● **The problem**:
Write the entries out exactly. Any images they hold stay out of the copy.

● **Material for the task**:

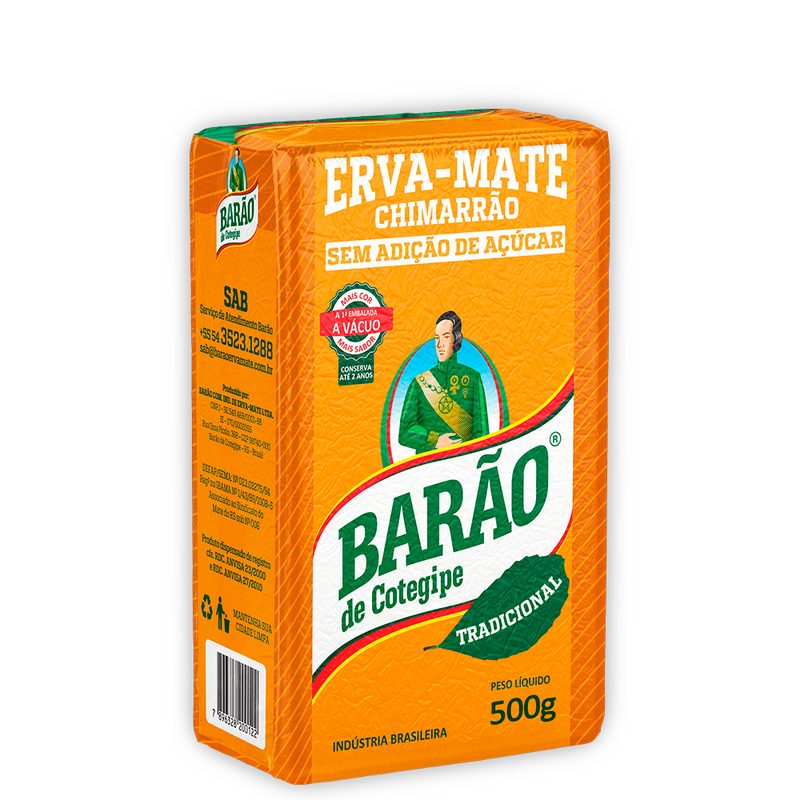 ERVA MATE BARÃO TRADICIONAL A VÁCUO 500gr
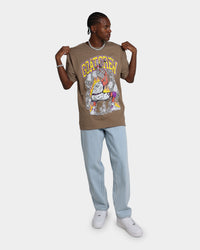 Goat Crew Rubble T-Shirt Brown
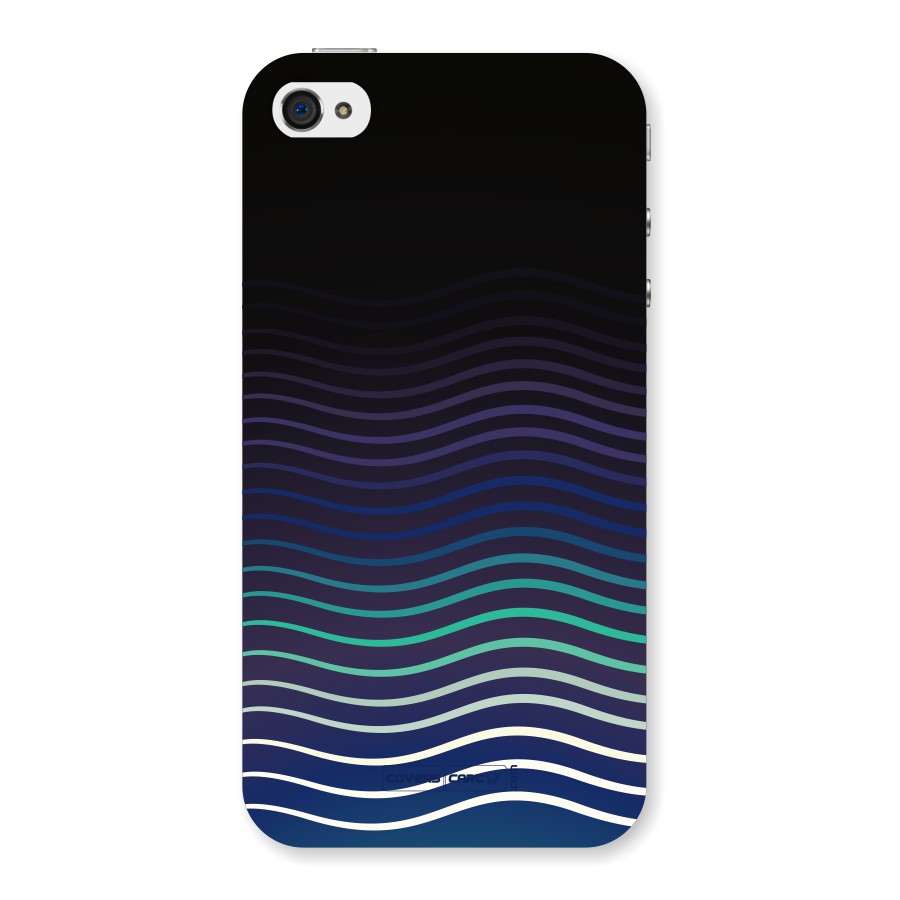 Wavy Stripes Back Case for iPhone 4/4s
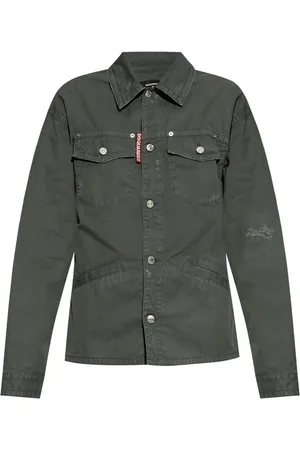 Dsquared2 Skjorte med slitageeffekt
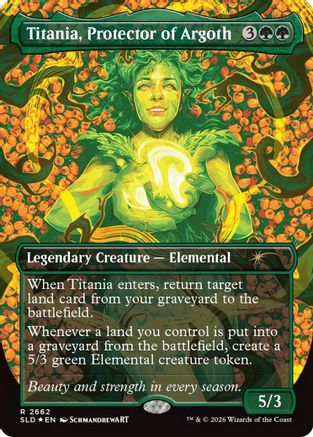 {R} Titania, Protector of Argoth [SLD 2662]  Foil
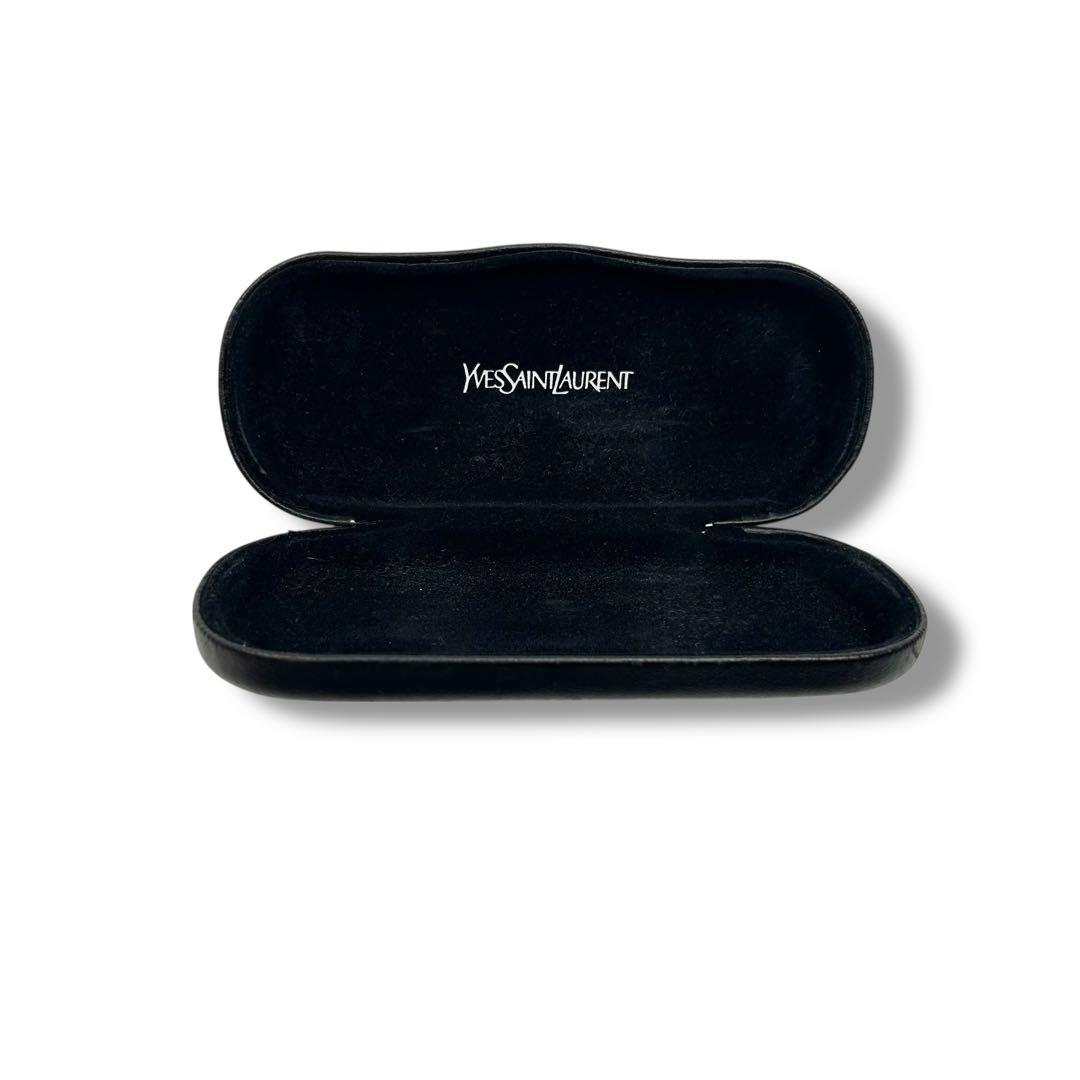 【美品】イヴサンローラン YSL ロゴ サングラス 縁なし リムレス ベッコウ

● **Final answer**:
 ERVA MATE BARÃO TRADICIONAL A VÁCUO 500gr
 Goat Crew Rubble T-Shirt Brown
 Wavy Stripes Back Case for iPhone 4/4s
 Dsquared2 Skjorte med slitageeffekt
 {R} Titania, Protector of Argoth [SLD 2662]  Foil
 【美品】イヴサンローラン YSL ロゴ サングラス 縁なし リムレス ベッコウ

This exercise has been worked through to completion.